Directions for this task: Your answer should hold only the lines from the one containing "Guess női cipő 39" through the last line below, copied exactly; pictures stay out.

Recorded information:

· · · · ·

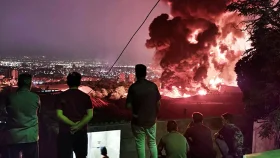 ইসরাইলের বিভিন্ন শহরে ইরানের হামলা শুরু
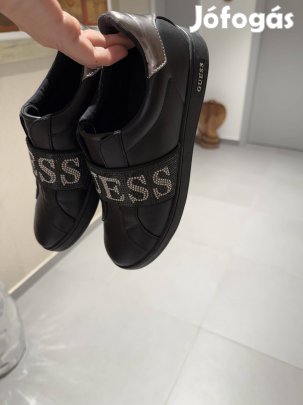 Guess női cipő 39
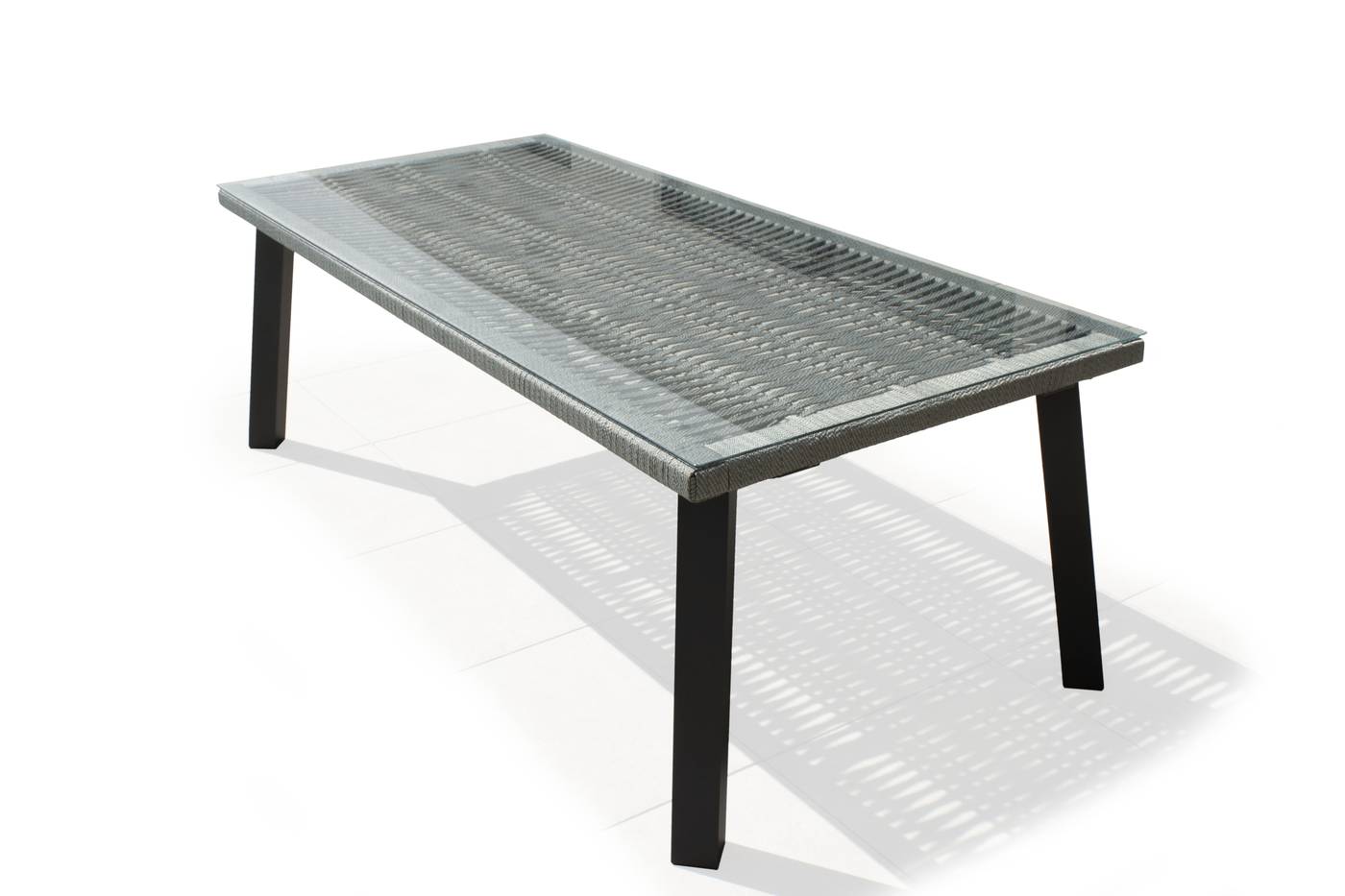 Mesa rectangular de 220 cm, con tablero de cuerda y tapa de cristal templado. Estructura robusta de aluminio color gris o champagne.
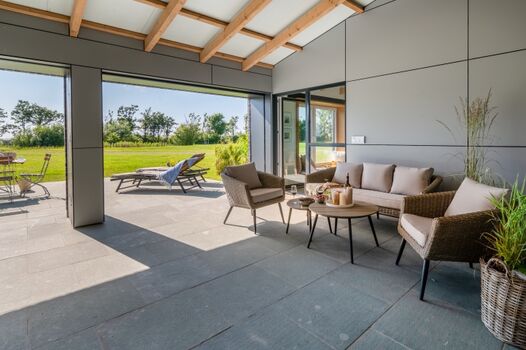 Überdachter und windgeschützter Außenbereich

· · · · ·

Result for this task:
 Guess női cipő 39
 Mesa rectangular de 220 cm, con tablero de cuerda y tapa de cristal templado. Estructura robusta de aluminio color gris o champagne.
 Überdachter und windgeschützter Außenbereich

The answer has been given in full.